--- Problem details ---
Restate every record word for word, without the pictures.

Listed entries Start Marker

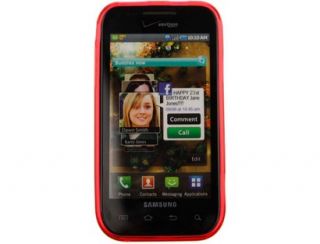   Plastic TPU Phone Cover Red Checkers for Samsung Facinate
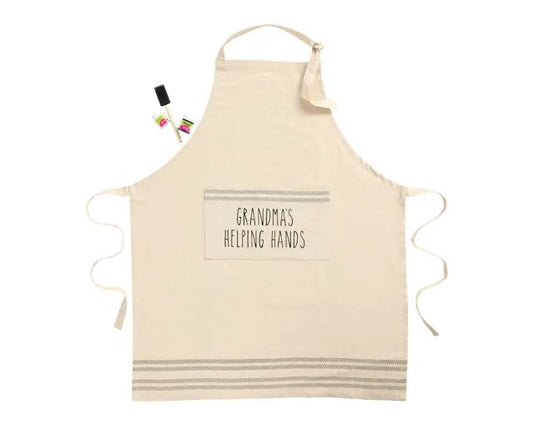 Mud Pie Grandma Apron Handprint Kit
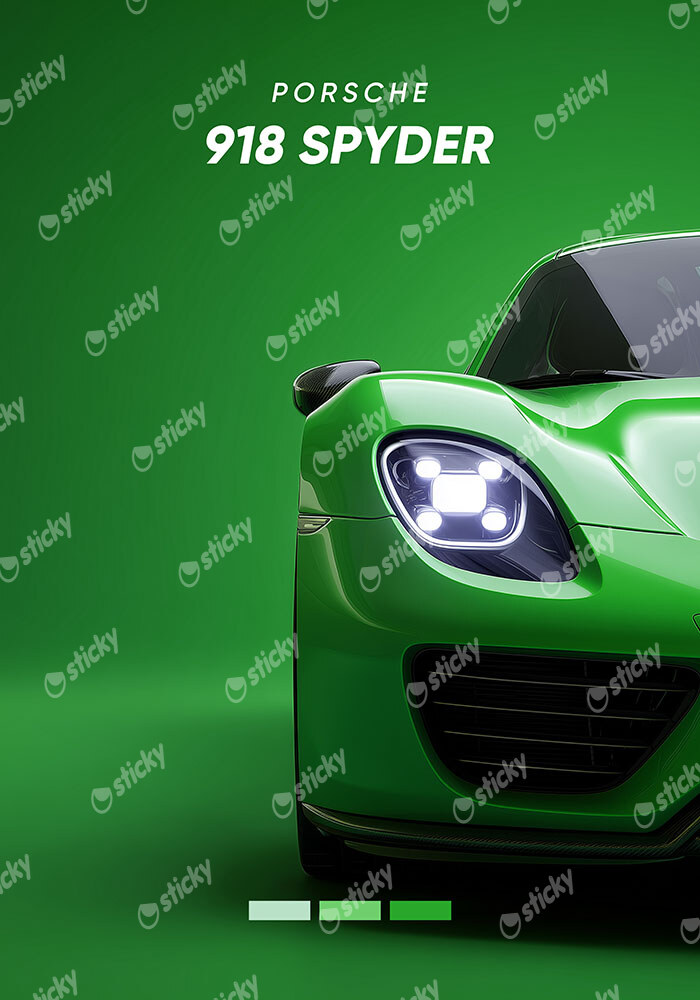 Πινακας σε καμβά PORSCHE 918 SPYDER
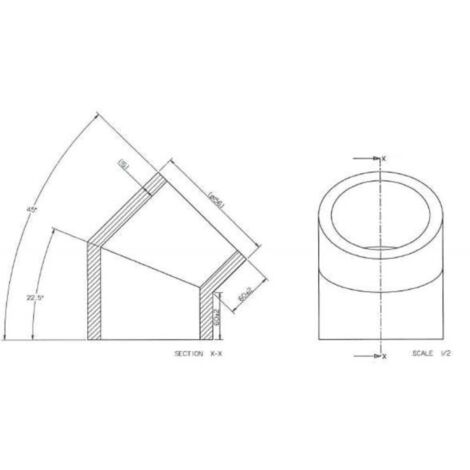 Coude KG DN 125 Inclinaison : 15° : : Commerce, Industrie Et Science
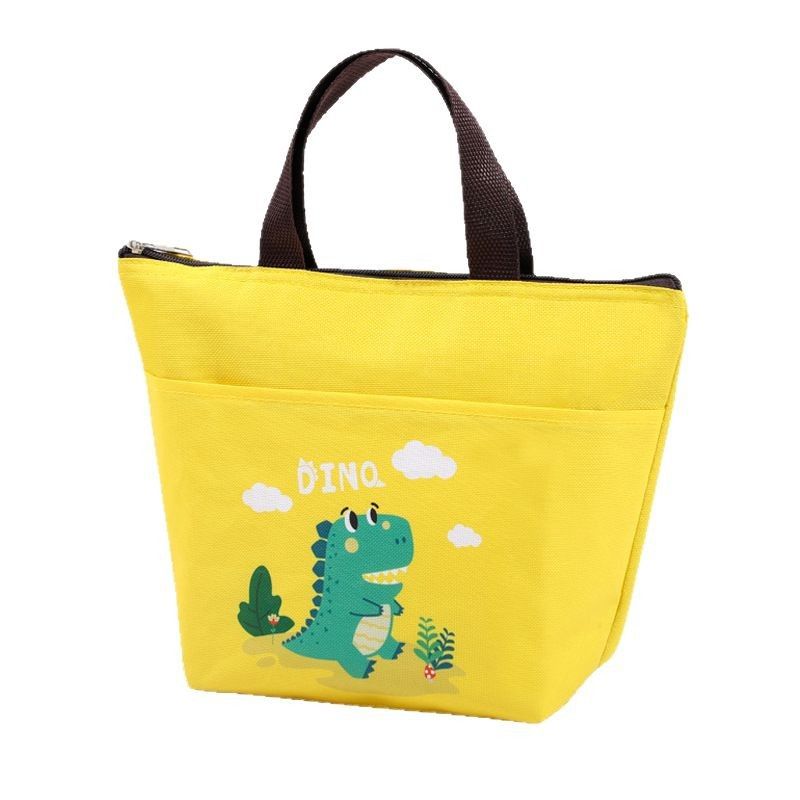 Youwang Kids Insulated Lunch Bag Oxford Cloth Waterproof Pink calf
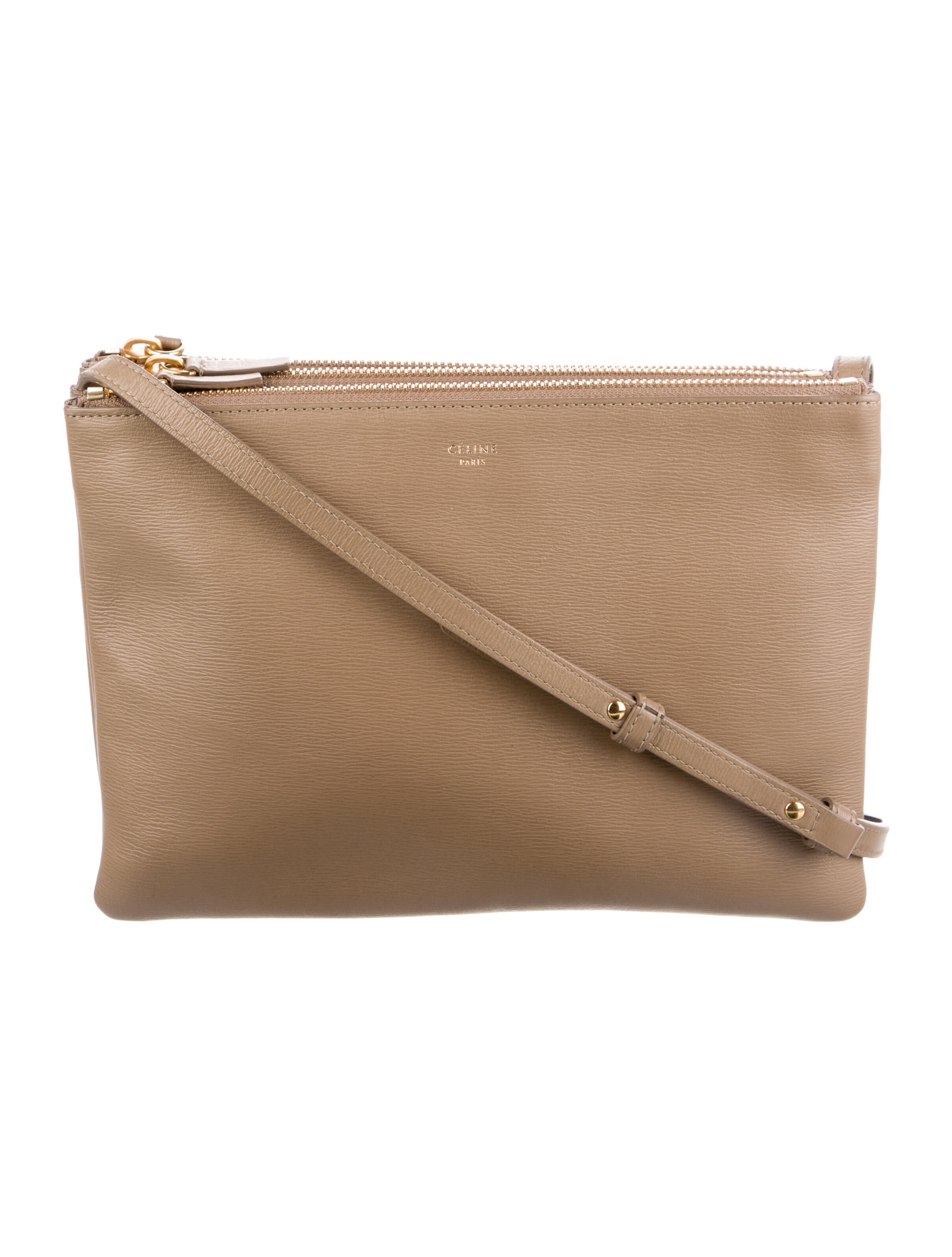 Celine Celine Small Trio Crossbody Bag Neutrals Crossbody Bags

Listed entries End Marker

--- Task solution ---
   Plastic TPU Phone Cover Red Checkers for Samsung Facinate
 Mud Pie Grandma Apron Handprint Kit
 Πινακας σε καμβά PORSCHE 918 SPYDER
 Coude KG DN 125 Inclinaison : 15° : : Commerce, Industrie Et Science
 Youwang Kids Insulated Lunch Bag Oxford Cloth Waterproof Pink calf
 Celine Celine Small Trio Crossbody Bag Neutrals Crossbody Bags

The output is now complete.